My current infusion site with the "male plug" inserted in
it; the red spots above the site are from previous cannulas -
the sites take a quite while to heal.

I can't speak to the exact set up of all insulin pumps, but what Medtronic does is provide a male and female "plug" for the pump tubing.  The female part of the plug attaches to the tubing and covers the needle while it is disconnected from the infusion site.  The male plug is inserted into the infusion site to cover the exposed end of the cannula - this prevents water, soap, whatever really from getting into the cannula and therefore your system.

The disconnected tubbing and the "female cover"
So that should cover the logistics of taking it off to be in water, now on to the consequences... well as I have explained else where, the pump delivers both a basal insulin (background insulin) and a programmed bolus of insulin to cover food.  With it disconnected, the body doesn't receive any insulin and the longer this goes on the higher a diabetic's blood sugar will go.  Without ingesting more carbs, blood sugars shouldn't go up quickly, but if the pump is left off for more than say 30 minutes BGs will progressively go up with the body's natural hormone production cycle.  It's not the end of the world to let your sugars go up temporarily in order to have fun and swim (did I just use "fun" and "swim" in the same sentence?), but if you're pregnant or sick, it's generally not worth the risk.

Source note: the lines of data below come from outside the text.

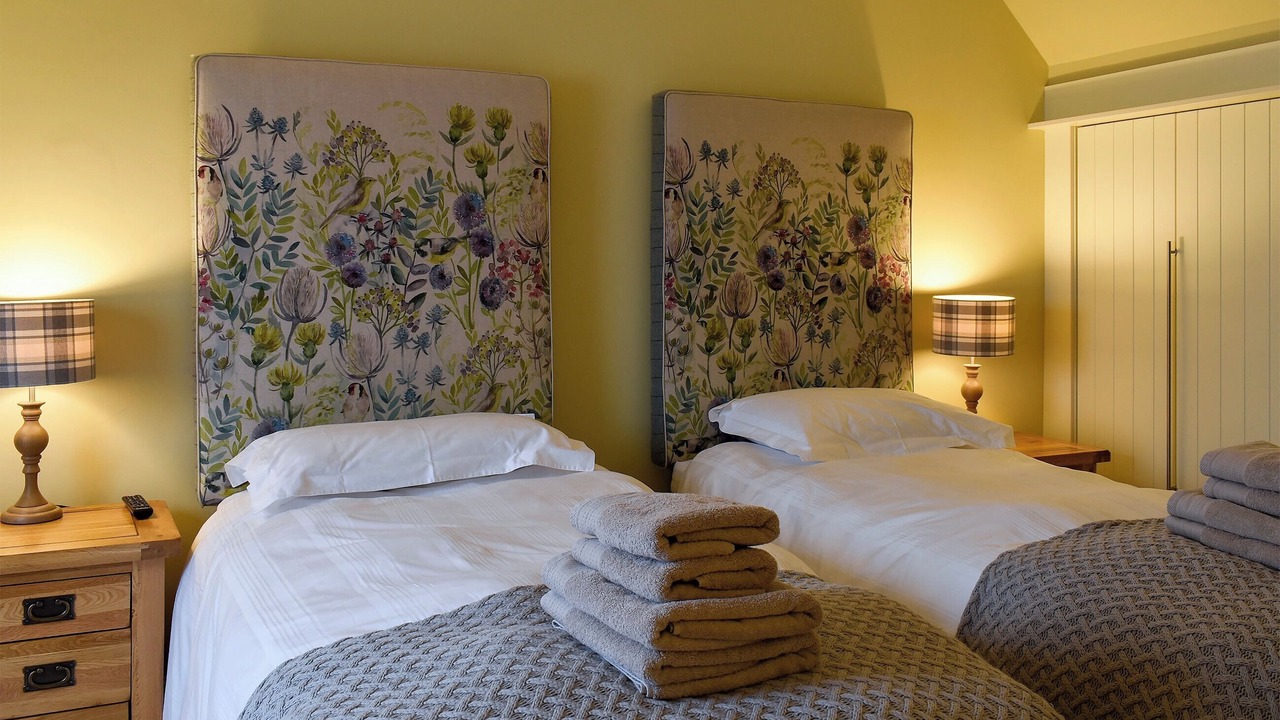 Photo of Others in Linlithgow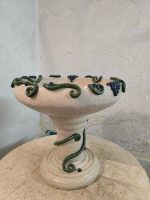 Ročno izdelan okrasni lonec iz šamotne gline z motivom vinske trte – trpežen, dekorativen in primeren za notranje ter zunanje rastline.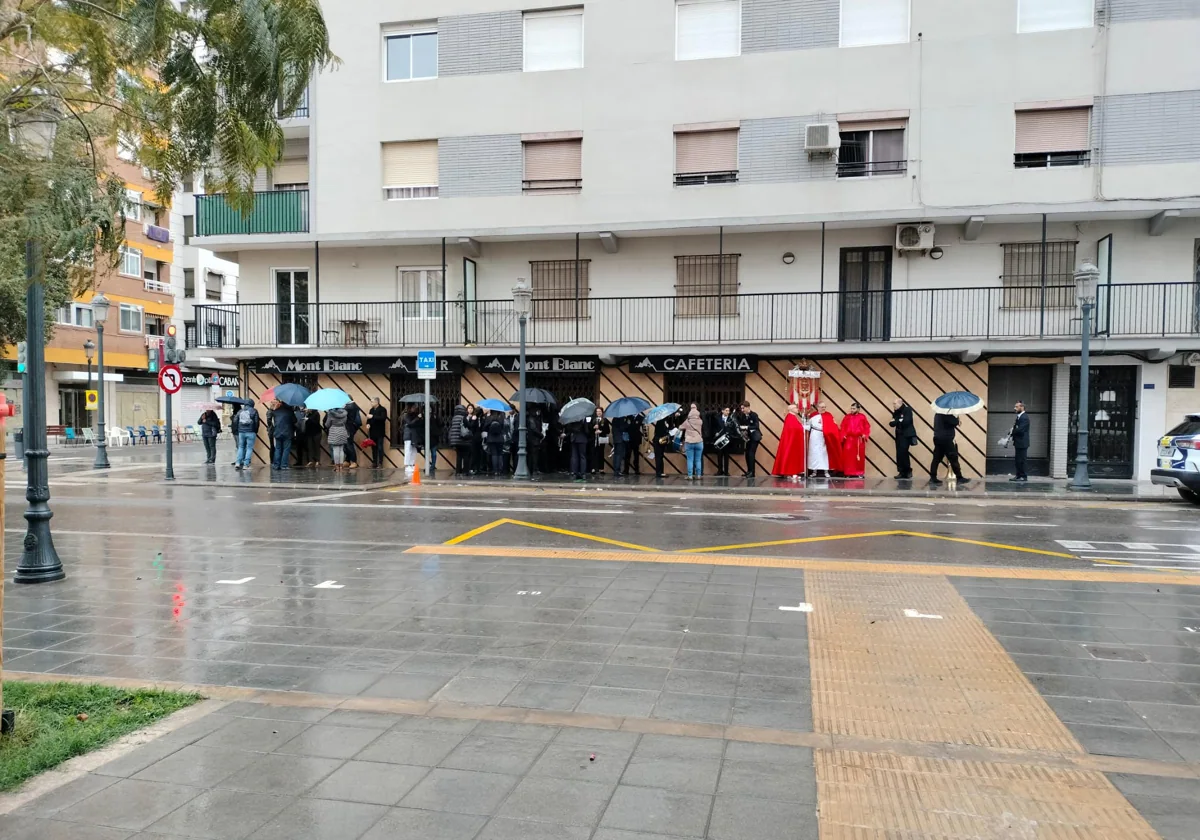 Imagen de este domingo tomada antes de la suspensión de los actos de la Semana Santa Marinera de Valencia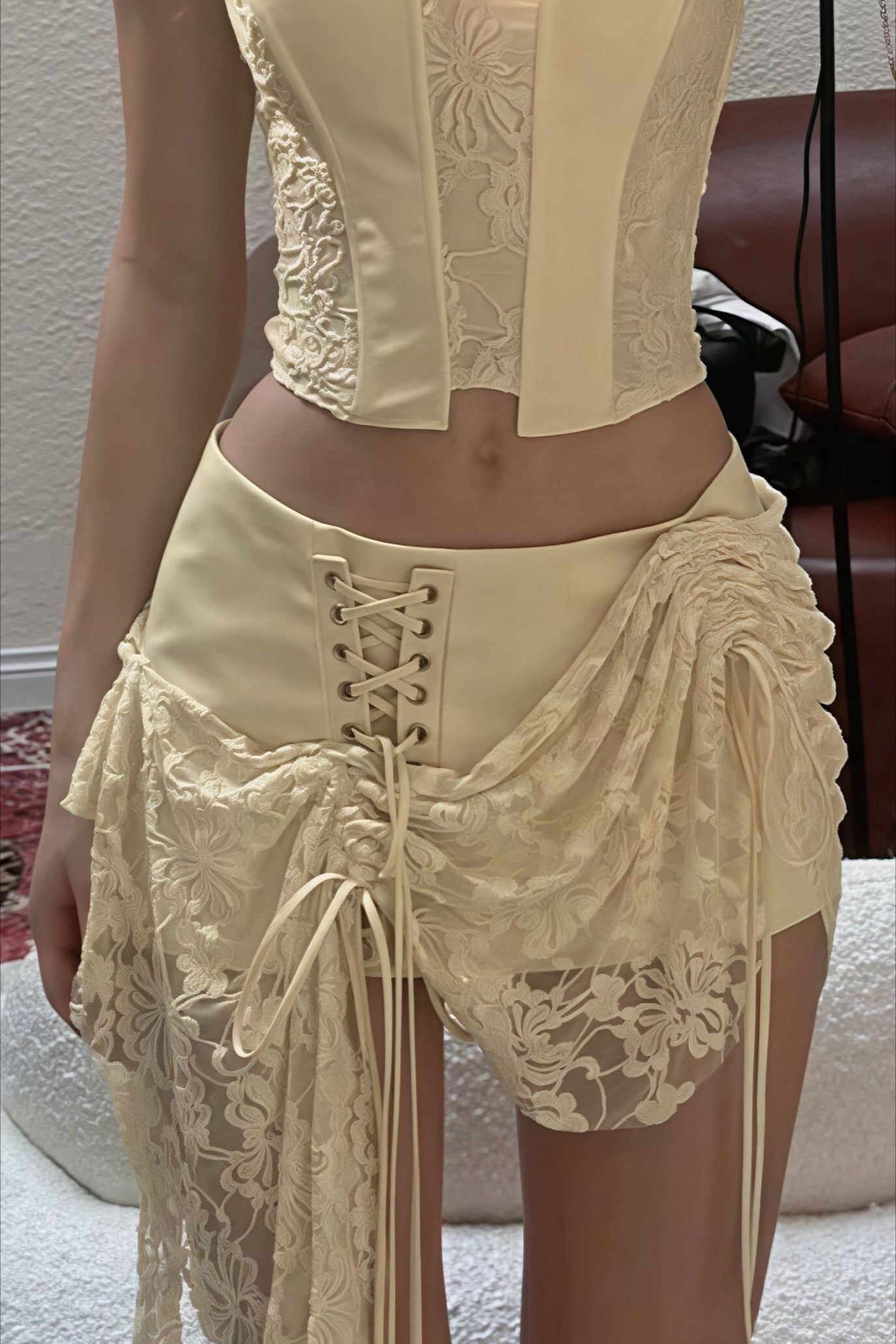 Conjunto de Mini Saia de Cintura Baixa com Top Tubinho Chic e Liso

One additional interesting thing to point out about the use of artificial insulin and water is that a diabetic should not take a shower or bath in hot water until all of the active insulin in their system is depleted.  The reason for this is that hot water, like exercise, increases the efficiency of insulin and can cause hypoglycemia.  Since this should be avoided whenever possible, I guess that old rule of "no swimming after eating" actually has a bit of credibility.


Fair enough? Make sense? ... Marco?

Thank you so so much for the question!! And, please, if any reader has a question go ahead and shoot it my way in an email or just post a response/comment.  I'm more than happy to tailor future posts to people's interests or curiosities!

2 comments:

  1. Go to www.myomnipod.com to learn about the pump I use. There is no disconnecting because the disposable pods are waterproof. Check it out!!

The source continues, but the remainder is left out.